The ongoing quest for map-width has, until now, been something of an empirical affair, especially when it comes to the design of the rotor itself, i.e. ignoring treatments that can be applied to the casing, diffuser and inlet. Rotor map-width and peak efficiency tend (but not always) to be a trade-off, meaning that you can have one but not the other.
Ideally then, we would want to optimize compressor rotor designs to give the very best efficiency and map-width possible for a given shaft and tip-speed (so - multi-point optimization). The traditional obstacle to this aim has been the sheer amount of high-fidelity simulation that has to be done in order to sufficiently explore a very complex and high dimensional design space, at multiple operating points.
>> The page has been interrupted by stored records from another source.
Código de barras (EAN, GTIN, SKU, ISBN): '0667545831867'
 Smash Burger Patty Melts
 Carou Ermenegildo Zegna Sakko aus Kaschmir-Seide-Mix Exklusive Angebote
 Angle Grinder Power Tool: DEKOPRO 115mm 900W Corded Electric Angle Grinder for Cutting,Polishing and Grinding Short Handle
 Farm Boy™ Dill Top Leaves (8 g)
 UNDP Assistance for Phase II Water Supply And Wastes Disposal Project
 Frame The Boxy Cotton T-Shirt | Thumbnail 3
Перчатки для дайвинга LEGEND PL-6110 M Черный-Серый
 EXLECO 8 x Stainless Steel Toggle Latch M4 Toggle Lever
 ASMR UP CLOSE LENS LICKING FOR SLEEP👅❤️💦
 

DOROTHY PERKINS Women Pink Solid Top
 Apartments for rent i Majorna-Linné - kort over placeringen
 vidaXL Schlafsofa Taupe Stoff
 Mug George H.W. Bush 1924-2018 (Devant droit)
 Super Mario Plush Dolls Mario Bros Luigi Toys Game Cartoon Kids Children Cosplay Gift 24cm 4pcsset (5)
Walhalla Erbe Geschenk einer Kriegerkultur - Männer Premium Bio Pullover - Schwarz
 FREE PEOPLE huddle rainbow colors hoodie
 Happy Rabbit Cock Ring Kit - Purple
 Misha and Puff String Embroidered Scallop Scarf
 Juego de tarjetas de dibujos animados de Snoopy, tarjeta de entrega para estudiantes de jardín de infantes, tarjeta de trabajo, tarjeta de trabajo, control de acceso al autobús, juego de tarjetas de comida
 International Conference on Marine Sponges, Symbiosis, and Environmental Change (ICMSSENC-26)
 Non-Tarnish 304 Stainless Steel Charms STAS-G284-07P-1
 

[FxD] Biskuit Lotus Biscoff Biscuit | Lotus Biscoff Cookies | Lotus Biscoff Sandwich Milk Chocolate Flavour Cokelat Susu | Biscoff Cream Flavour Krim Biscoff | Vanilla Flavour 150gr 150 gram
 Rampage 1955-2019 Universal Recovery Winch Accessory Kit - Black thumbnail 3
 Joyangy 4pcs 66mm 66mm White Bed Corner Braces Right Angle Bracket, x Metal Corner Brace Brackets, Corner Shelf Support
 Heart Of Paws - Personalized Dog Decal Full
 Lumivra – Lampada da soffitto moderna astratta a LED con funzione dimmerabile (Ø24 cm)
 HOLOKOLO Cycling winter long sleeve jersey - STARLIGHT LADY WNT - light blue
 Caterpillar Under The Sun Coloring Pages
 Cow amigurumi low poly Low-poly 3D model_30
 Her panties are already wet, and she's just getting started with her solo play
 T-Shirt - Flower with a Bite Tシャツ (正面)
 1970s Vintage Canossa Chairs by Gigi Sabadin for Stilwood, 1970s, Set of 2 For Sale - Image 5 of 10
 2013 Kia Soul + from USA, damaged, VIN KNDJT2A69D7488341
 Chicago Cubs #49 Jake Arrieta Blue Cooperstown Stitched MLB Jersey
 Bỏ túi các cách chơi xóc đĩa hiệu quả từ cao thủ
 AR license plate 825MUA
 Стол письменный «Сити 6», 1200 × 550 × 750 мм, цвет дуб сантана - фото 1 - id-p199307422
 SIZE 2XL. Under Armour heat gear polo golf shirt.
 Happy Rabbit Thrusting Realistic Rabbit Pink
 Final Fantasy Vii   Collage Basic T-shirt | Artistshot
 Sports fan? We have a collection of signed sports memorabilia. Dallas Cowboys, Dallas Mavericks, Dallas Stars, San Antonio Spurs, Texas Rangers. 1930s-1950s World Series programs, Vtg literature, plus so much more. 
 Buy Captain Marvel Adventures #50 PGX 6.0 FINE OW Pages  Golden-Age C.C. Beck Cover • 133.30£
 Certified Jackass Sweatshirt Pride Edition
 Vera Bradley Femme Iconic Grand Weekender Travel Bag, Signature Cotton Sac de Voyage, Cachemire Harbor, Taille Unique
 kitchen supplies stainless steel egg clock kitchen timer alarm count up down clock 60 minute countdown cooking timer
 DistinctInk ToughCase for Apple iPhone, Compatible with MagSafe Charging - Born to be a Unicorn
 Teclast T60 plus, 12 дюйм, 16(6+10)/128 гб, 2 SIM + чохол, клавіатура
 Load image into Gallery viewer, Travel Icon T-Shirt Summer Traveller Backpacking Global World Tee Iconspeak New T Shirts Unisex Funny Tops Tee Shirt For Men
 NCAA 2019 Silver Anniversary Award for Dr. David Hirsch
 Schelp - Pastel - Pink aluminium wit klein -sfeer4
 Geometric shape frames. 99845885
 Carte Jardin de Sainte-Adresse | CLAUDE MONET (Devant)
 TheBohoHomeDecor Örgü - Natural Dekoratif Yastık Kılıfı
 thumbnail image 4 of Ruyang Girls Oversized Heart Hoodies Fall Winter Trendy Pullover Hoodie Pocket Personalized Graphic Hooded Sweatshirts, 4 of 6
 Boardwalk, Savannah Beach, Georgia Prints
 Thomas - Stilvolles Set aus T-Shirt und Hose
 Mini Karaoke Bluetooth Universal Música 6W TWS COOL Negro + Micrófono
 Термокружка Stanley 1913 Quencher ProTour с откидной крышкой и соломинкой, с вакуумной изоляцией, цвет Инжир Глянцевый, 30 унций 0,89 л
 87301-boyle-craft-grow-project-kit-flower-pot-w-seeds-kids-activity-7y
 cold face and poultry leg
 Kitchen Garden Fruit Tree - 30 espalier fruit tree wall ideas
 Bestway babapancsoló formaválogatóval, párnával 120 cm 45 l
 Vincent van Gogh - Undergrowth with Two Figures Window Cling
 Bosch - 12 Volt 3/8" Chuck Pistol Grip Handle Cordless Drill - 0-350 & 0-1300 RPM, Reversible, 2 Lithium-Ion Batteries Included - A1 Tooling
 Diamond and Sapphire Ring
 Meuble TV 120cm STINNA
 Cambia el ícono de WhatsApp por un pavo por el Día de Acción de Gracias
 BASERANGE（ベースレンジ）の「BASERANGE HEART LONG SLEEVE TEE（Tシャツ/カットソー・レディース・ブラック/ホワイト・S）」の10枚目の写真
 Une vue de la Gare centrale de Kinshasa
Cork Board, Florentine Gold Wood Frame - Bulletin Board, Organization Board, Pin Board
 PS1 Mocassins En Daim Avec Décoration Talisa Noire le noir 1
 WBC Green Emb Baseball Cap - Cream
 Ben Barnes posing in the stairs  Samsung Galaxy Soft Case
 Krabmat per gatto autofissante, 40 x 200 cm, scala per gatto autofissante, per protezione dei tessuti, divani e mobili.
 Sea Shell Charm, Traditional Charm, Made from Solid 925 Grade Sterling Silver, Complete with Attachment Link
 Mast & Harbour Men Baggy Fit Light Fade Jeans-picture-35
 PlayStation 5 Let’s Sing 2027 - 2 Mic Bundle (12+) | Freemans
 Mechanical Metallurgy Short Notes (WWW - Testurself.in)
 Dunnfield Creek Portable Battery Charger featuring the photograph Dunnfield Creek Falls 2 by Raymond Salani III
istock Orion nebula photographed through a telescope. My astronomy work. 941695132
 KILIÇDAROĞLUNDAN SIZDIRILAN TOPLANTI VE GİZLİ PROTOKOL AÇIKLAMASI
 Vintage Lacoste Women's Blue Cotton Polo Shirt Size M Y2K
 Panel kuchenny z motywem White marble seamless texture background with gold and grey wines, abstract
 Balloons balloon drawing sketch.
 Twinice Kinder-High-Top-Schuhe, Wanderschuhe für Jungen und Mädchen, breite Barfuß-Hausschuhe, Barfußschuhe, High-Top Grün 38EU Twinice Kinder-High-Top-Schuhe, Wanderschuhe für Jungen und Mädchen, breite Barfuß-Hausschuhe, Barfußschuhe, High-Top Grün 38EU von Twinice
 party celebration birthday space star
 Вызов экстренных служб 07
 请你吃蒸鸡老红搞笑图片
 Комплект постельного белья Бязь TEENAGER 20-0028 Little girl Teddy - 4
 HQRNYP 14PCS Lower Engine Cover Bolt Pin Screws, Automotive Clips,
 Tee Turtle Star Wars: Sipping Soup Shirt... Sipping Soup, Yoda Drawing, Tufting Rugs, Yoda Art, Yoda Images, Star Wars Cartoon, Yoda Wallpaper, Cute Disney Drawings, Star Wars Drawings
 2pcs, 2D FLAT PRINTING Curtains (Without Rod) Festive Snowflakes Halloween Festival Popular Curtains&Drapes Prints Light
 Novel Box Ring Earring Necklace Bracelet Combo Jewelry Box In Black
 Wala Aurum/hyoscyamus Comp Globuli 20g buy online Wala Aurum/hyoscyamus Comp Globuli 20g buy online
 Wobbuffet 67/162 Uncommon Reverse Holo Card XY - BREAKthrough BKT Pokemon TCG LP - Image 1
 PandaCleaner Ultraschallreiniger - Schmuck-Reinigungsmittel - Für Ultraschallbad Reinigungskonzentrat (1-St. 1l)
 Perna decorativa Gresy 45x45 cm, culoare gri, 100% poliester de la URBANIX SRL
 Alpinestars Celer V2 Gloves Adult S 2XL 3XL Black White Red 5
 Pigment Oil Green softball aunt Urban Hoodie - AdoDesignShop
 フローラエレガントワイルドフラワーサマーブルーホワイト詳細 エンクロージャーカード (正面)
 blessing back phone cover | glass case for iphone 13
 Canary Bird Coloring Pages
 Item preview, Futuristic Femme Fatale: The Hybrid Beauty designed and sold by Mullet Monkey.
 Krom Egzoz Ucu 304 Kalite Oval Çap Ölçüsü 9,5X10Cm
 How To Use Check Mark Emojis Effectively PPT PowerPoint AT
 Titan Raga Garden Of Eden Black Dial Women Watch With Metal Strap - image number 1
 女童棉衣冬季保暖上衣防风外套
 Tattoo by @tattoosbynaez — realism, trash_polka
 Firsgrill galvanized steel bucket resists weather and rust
What if we could leverage a small dataset of high-fidelity data to accurately drive an optimization algorithm using Machine Learning methods?
At ADT we have considered very carefully how one might leverage the power of Machine Learning to the specific and highly complex problem of turbomachinery blade design.
● 3D Inverse Design - the enabling technology for Machine Learning
● An example of how Machine Learning can optimize a legacy compressor design
● Optimization via Machine Learning
● Design choices and performance gains
● Validation
● Conclusions
3D Inverse Design - the enabling technology for Machine Learning
In a previous blog, we showed how ADT have constructed and assembled the necessary building blocks to enable a turbomachinery Machine Learning system that can rapidly and efficiently home in on optimized designs.
In that case the application was an axial fan, but as you’d expect, the system can be configured to work on any turbomachinery design challenge.
Very briefly, the advantages of 3D Inverse Design over conventional design are:
An example of how Machine Learning can optimize a legacy compressor design
We are going to use a 20-blade, 400mm diameter compressor rotor as our baseline. This is based on the well-known Eckardt impeller. In this case it runs at 14000 rpm for a stage pressure ratio of between 1.9:1 and 1.75:1.
Firstly, we establish the baseline performance of this design by running CFD across the speedline. The pre-processing, solving and post-processing in this step is all automatically controlled from within TURBOdesign1 (TD1) , and we can choose the solver that we wish to use (i.e. it could be Ansys-CFX, Simcenter STAR-CCM+, Cadence Fine Turbo etc).
We are essentially running a pre-define template for centrifugal compressor analysis across the operating points, and TD1 is managing the generation of the data.
Figure 1: Baseline characteristics for efficiency and Pressure Ratio
Once we have our baseline established. We can turn the problem over to a Machine Learning algorithm which will attempt to redesign the rotor in order to meet the design objectives that we set.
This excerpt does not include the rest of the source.